Just so you don't miss the highlights:

DDR2-400/533 supports 8 DIMMs across two channels
DDR2-667 supports 4 DIMMs across two channels
DDR2-800 supports 2 DIMMs across two channels

Perhaps now it should become abundantly clear why FBD is in fact
necessary for high bandwidth. There's an illustration of this on page
42 as well.

DK

I'm no memory expert so take this with a shovel of salt, but as I
understand it.

Current FB Dimm is DDR2 memory with a different module interface. The
interface is point to point fast serial allowing more modules to be
attached for a comparable pin count. The interface does not have a
shared bus between modules. It is the extra bus loading which
mandates the use of slower DDR2 with current bus architectures when
more modules are added.

The capacity issue is the number of pins on the controller required
for a memory channel.

The extra bandwidth is due in part to being able to use higher speed
modules when larger numbers are used, and being able to use higher
numbers of modules.

This isn't DDR2 Vs FB Dimm - this is serial Vs parallel, and
everythings going serial 'cos in general it tends to be faster.

Ryan
 
Ryan said:
I'm no memory expert so take this with a shovel of salt, but as I
understand it.

Did you get a copy of the PDF? George mentioned he couldn't access
it...let me know and I'll email it.
Current FB Dimm is DDR2 memory with a different module interface. The
interface is point to point fast serial allowing more modules to be
attached for a comparable pin count.

So the issue isn't modules/pin, it's bandwidth/pin. Each pin costs
quite a bit of time/effort/money, so the lower the pin count, the
better. FBD is 70 pins/channel, DDR2 is 240 pins/channel.

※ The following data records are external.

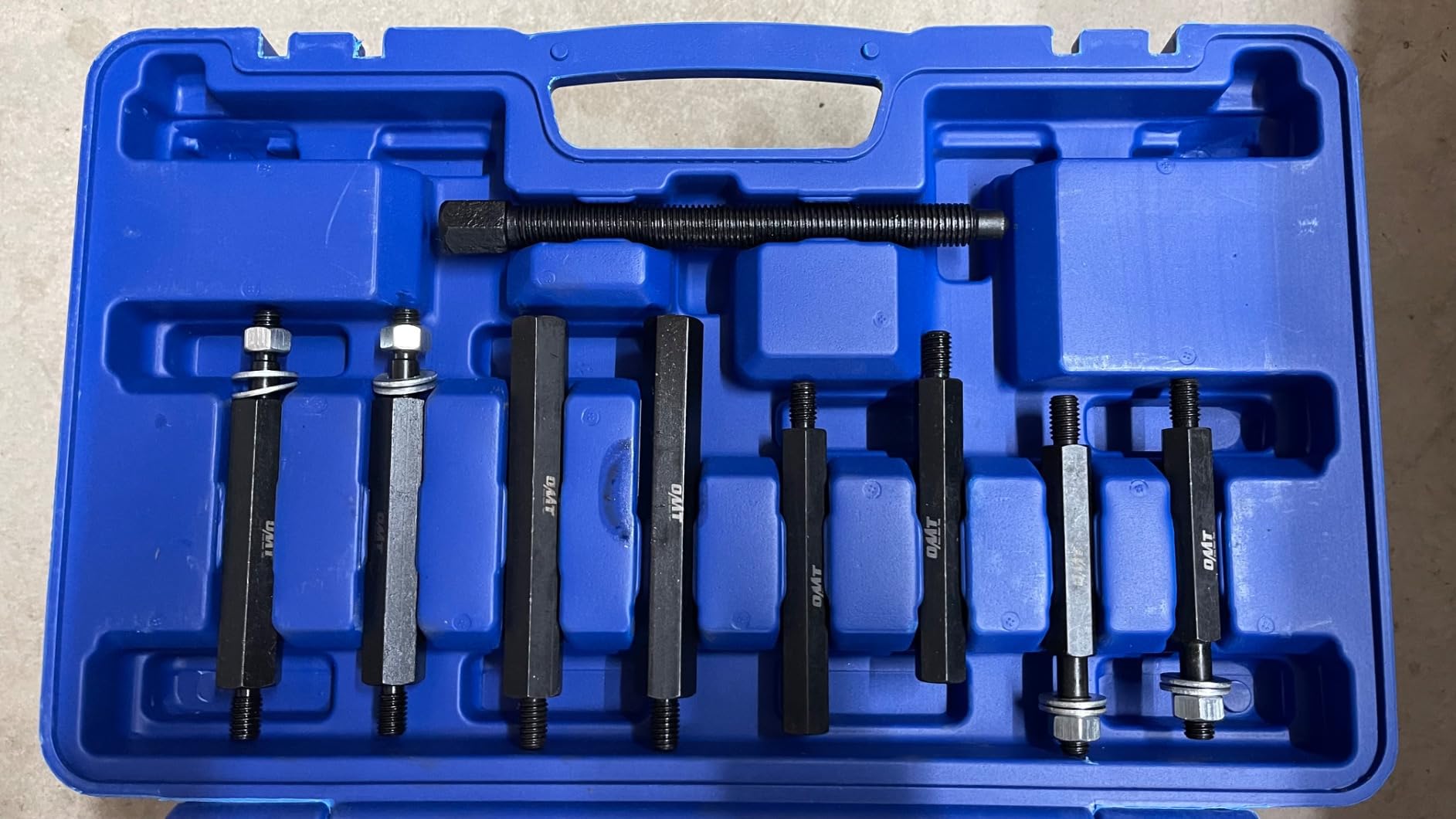 OMT Bushing Driver Tool & Bearing Press Kit, 5-Ton Bushing Driver Tool Set | Complete Bushing & Bearing Service Kit, 5 Ton Capacity Bearing Separator with 2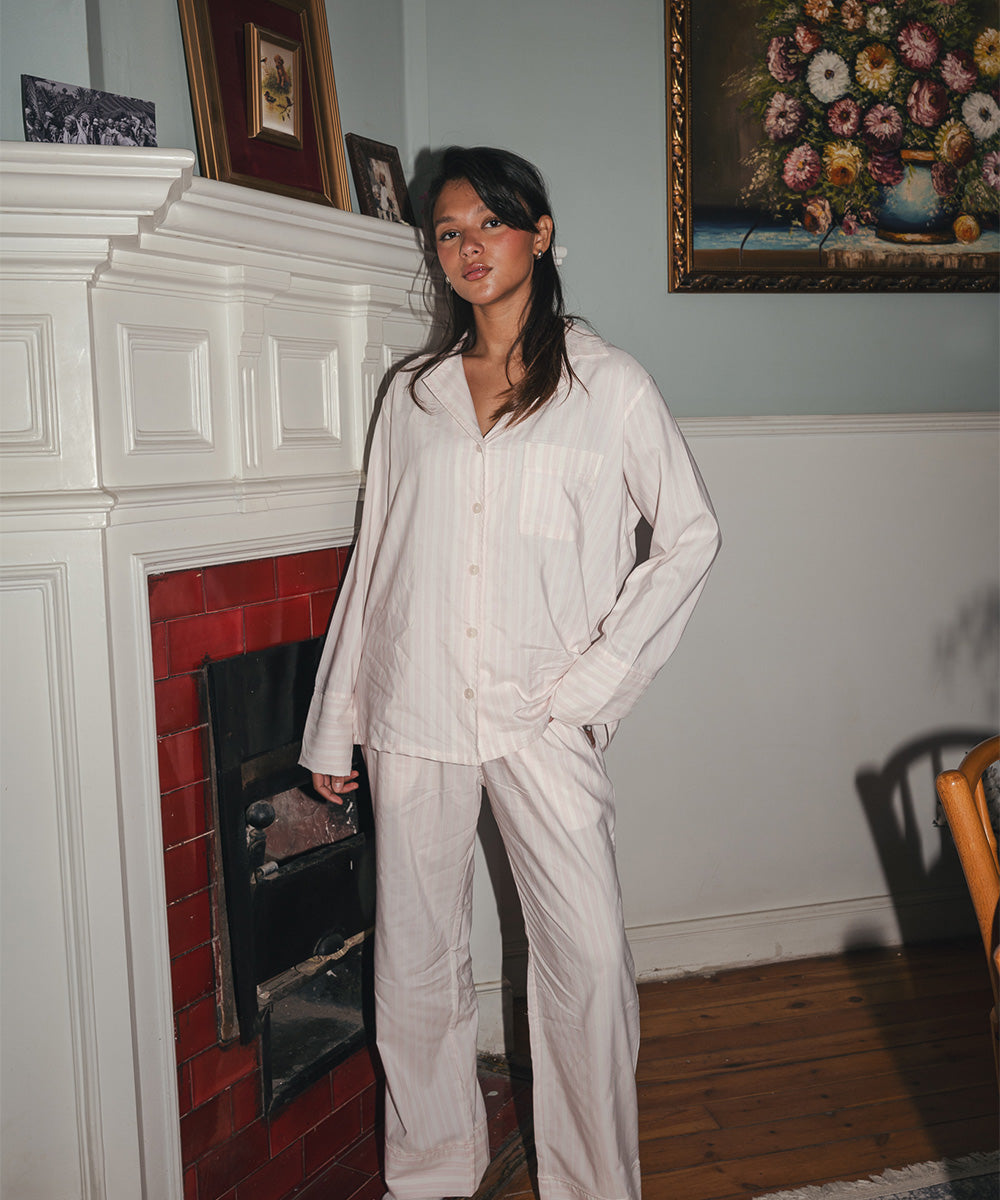 Women Couples PJ Pink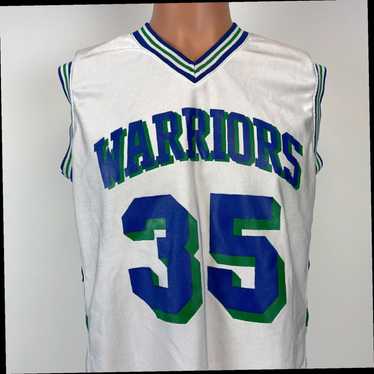 Vintage Vintage Riddell Warriors Basketball Jerse… - image 1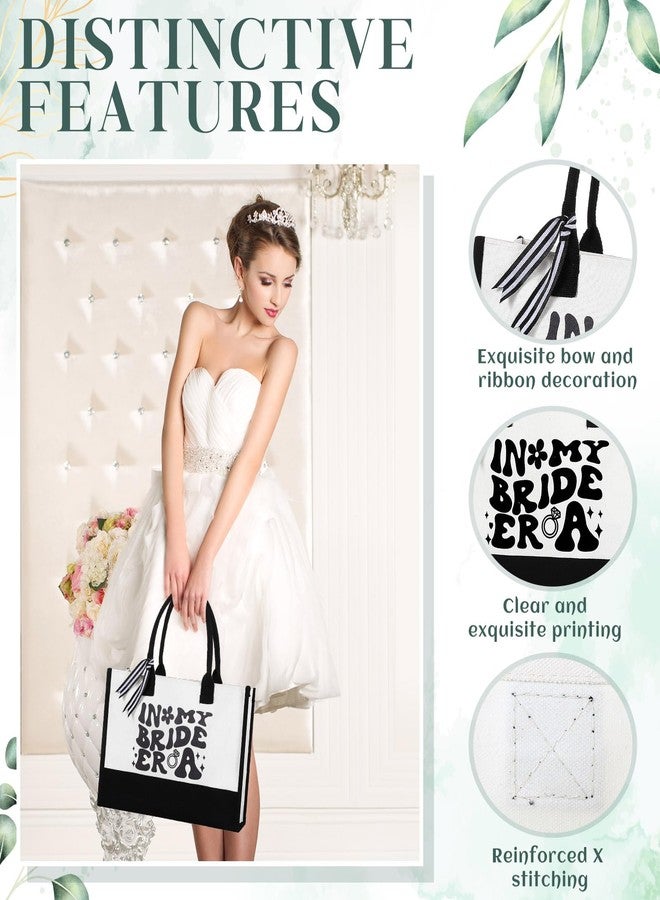 Yeyeplum In My Bride Era Canvas Tote Bag Bride Gifts for Wedding Bridal Shower Gift Travel Tote Bags for Women Bachelorette Party Engagement Honeymoon Bridal Accessories Congratulation Present - Image 3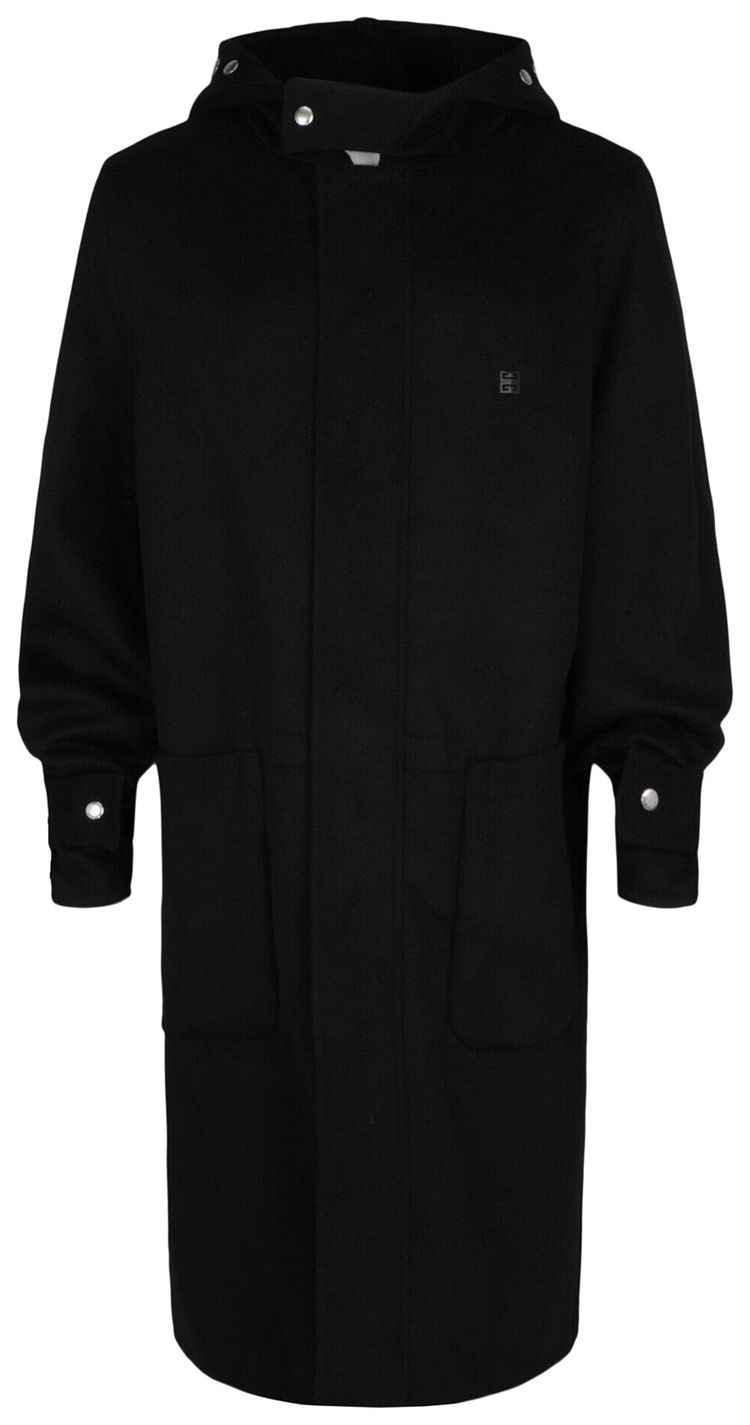 Двустороннее шерстяное пальто Givenchy, черный
Двустороннее шерстяное пальто Givenchy, черный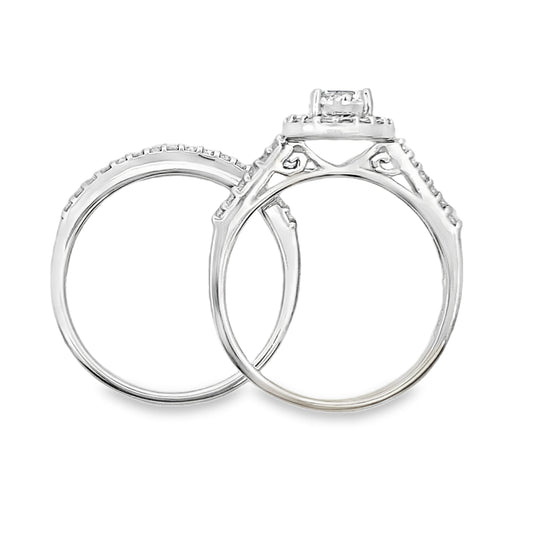 Natural Cubic Zirconia CZ SS Bridal Sterling Silver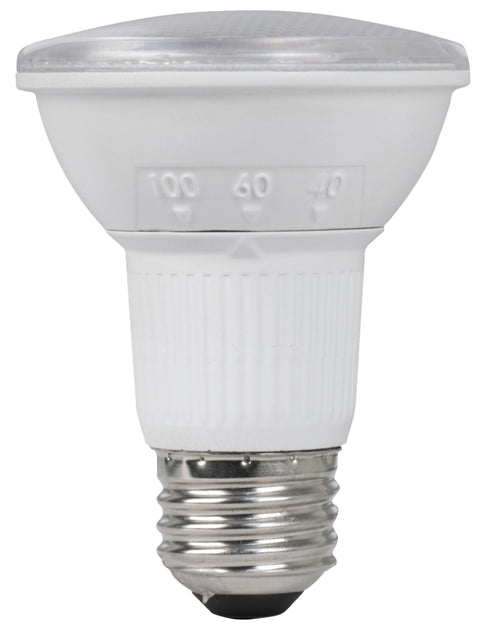 Feit Electric PAR20/ADJ/950CA LED Bulb, 120 V, 450 Lumens, 6 W, PAR20 Lamp, 50 W Equivalent, E26 Lamp Base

In turn, fewer pins means more channels. More DIMMs/channel is a
result of going serial, as you noted below.
The interface does not have a
shared bus between modules.

Right, the address and command lanes are bypass routed to the next DIMM
in the channel. That's why the unloaded latency is higher, because you
have several hops to get to a DIMM.
It is the extra bus loading which
mandates the use of slower DDR2 with current bus architectures when
more modules are added.

That's right. In general for DDR, capacity decreases as bandwidth
increases.
The capacity issue is the number of pins on the controller required
for a memory channel.

Sort of. The capacity issue is two fold:

1. # of channels, which is what you identified above - FBD can have
more channels with a given number of pins --> higher total bandwidth

2. Number of DIMMs/channel. In FBD, you can have up to 8
DIMMs/channel for any speed grade, whereas in DDR2 there is a hard
limit that decreases as the bandwidth goes up.

To be fair, the latency does get a bit worse with each DIMM you add,
but performance will actually increase for the 2nd DIMM and possibly
the 3rd, since the memory controller can play more interleaving
tricks...however, losing a bit of latency is not a huge deal compared
to letting your data set spill to disk (or having to buy the super high
capacity 4 and 8GB DIMMs, which cost an arm, leg and your first born
child).
The extra bandwidth is due in part to being able to use higher speed
modules when larger numbers are used, and being able to use higher
numbers of modules.

Yes and no. Using more modules does not increase the theoretical peak
bandwidth, but will increase the average bandwidth. The real gain in
bandwidth is because Intel uses 4 channels of FBD where AMD uses 2
channels of DDR2. Now, in a 2S system, AMD will have a total of 4
channels of DDR2; so things will be somewhat more equal. However, the
capacity is definitely going to be a problem. For DDR2-800, a 2S
system would have 4 DIMMs, which means you cannot get nearly enough
memory.

I think the bottom line is that it means instead of trading capacity
for bandwidth, you trade capacity for latency (and some extra heat).
This isn't DDR2 Vs FB Dimm - this is serial Vs parallel, and
everythings going serial 'cos in general it tends to be faster.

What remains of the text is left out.